Below is a listing; write it out exactly and drop any images from it.

*** Opening of DATASET SECTION ***

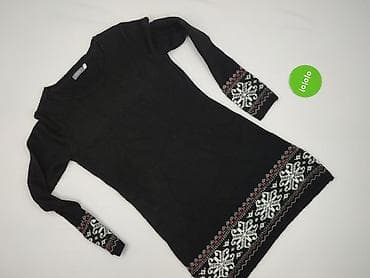husaria bluza: Yessica, Sukienka damska, rozmiar S — 2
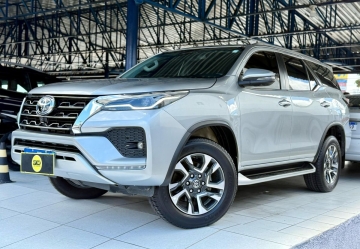 HILUX SW4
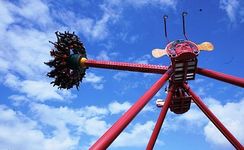 Terra Park, primul parc de...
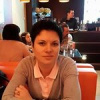 Екатерина Хохлова Екатерина Хохлова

*** Close of DATASET SECTION ***

> RESULT OF THIS EXERCISE:
husaria bluza: Yessica, Sukienka damska, rozmiar S — 2
 HILUX SW4
 Terra Park, primul parc de...
 Екатерина Хохлова Екатерина Хохлова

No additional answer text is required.